Ein neoliberales Märchenbuch

Der Wirtschaftsethiker Ulrich Chiwitt erklärt seine Liebe zum Kapitalismus

  • Alexander Amberger
  • Lesedauer: 3 Min.

Weihnachten ist Märchenzeit. Viele handeln vom Kampf Gut gegen Böse. Auch bei neoliberalen Märchen ist das so: der gute Kapitalismus gegen seine bösen Kritiker. Ulrich Chiwitt hat diese Märchen, bekannt aus Funk und Fernsehen der letzten 20 Jahre, nun in einem Buch zusammengefasst: »Kapitalismus. Eine Liebeserklärung«. Der Autor entwirft darin ein idealisiertes Bild, das alle neoliberalen Totschlagargumente auf 220 Seiten komprimiert. Kürzer schafft das nur die FDP in ihrem Wahlprogramm. Diesen Kapitalismus mit einem funktionierenden Markt, einem Spielregeln setzenden Staat sowie mündigen Konsumenten, die durch ihr Kaufverhalten Demokratie ausüben, gibt es in der Realität nicht. Deshalb wird es von Chiwitt konstruiert, wobei er Kapitalismus, Marktwirtschaft und Demokratie gleichsetzt – dabei ignorierend, dass Demokratie und Marktwirtschaft mindestens zehn Mal so alt sind wie der Kapitalismus.

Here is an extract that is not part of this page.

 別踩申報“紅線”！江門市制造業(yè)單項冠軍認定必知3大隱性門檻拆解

Der Autor ist Dozent für Wirtschaftsethik. Von der Wirtschaft ohne Ethik, also dem real existierenden Kapitalismus, hat er aber ein sehr naives Bild. Seine hilflosen Versuche, gegen Karl Marx zu argumentieren, scheitern kläglich: So unterstellt er, Marx habe den Kapitalismus fälschlicherweise von einem ökonomischen zu einem politischen Begriff gemacht. Chiwitt hat anscheinend auch noch nie von dessen Wertbegriff gehört, ganz abgesehen vom falschen Arbeitsbegriff, den er ihm unterjubeln will, wenn er schreibt: »Marx hat sich offensichtlich geirrt. Es ist nicht die Arbeit, die den Menschen abhängig und unfrei macht, ihn zum Objekt degradiert und ihn seiner Persönlichkeit und Menschenwürde beraubt, sondern die Arbeitslosigkeit.« Ganz so, als ob Marx nie den emanzipatorischen Charakter der Arbeit gelobt hätte.

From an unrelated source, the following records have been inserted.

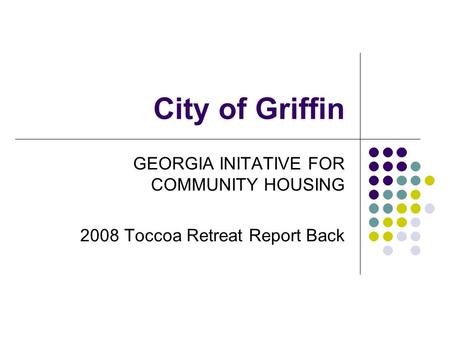 City of Griffin GEORGIA INITATIVE FOR COMMUNITY HOUSING 2008 Toccoa Retreat Report Back.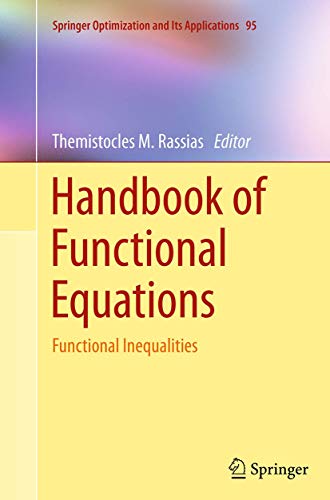 Handbook of Functional Equations: Functional Inequalities (Springer Optimization and Its Applications, 95, Band 95)
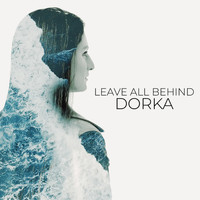Dorka - Leave All Behind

Für Chiwitt gibt es denn auch nur zwei Alternativen: guten, freien Kapitalismus und bösen, zentralistischen Staatssozialismus. Alternative Modelle wie Wirtschaftsdemokratie, Ökosozialismus oder Anarchokommunismus werden (bewusst?) übergangen.

Chiwitt versucht, 37 vermeintliche Vorurteile gegen den Kapitalismus mit nichts anderem als Vorurteilen für den Kapitalismus zu widerlegen. Er stilisiert den Kapitalismus zum Opfer, zur Person. Dabei schaffe dieser alles, was wir genießen: Frieden, Wohlstand, Freiheit, soziale und ökologische Demokratie etc. Der Autor erzählt alte neoliberale Märchen: dass Deregulierung Jobs schaffe; dass es den Menschen gut gehe, wenn es der Wirtschaft gut geht; dass der Markt über den Emissionshandel den Klimawandel stoppen könne usw.

Er geht davon aus, dass das Modell des westlichen Kapitalismus auch das Ziel für Entwicklungsländer sein sollte, und ignoriert dabei zwei zentrale Widersprüche: Wenn es keine armen Länder mehr gibt, wer produziert dann noch so billig, dass wir unseren Lebensstandard wahren können? Und wie sieht es mit der Endlichkeit der natürlichen Ressourcen aus? Mit dem Kabarettisten Volker Pispers formuliert: »Wenn alle Chinesen, alle Inder so viele Autos wie wir haben, dann können wir alle noch mal den Zündschlüssel umdrehen, 15 Minuten rumfahren, und dann ist das Öl weg.«

Chiwitts Buch sei lediglich all jenen empfohlen, die aus Überzeugung FDP wählen und Hans Werner Sinn für »Deutschlands klügsten Wirtschafts-Professor« (»Bild«) halten. Alle anderen sollten ihr Geld ganz im angepriesenen Sinne des freien Marktes lieber für ein anderes Buch zum Thema Kapitalismus ausgeben, vielleicht ja eines von Karl Marx.

Ulrich Chiwitt: Kapitalismus – eine Liebeserklärung. Warum die Marktwirtschaft uns allen nützt, Wiley Verlag, 19,90 Euro.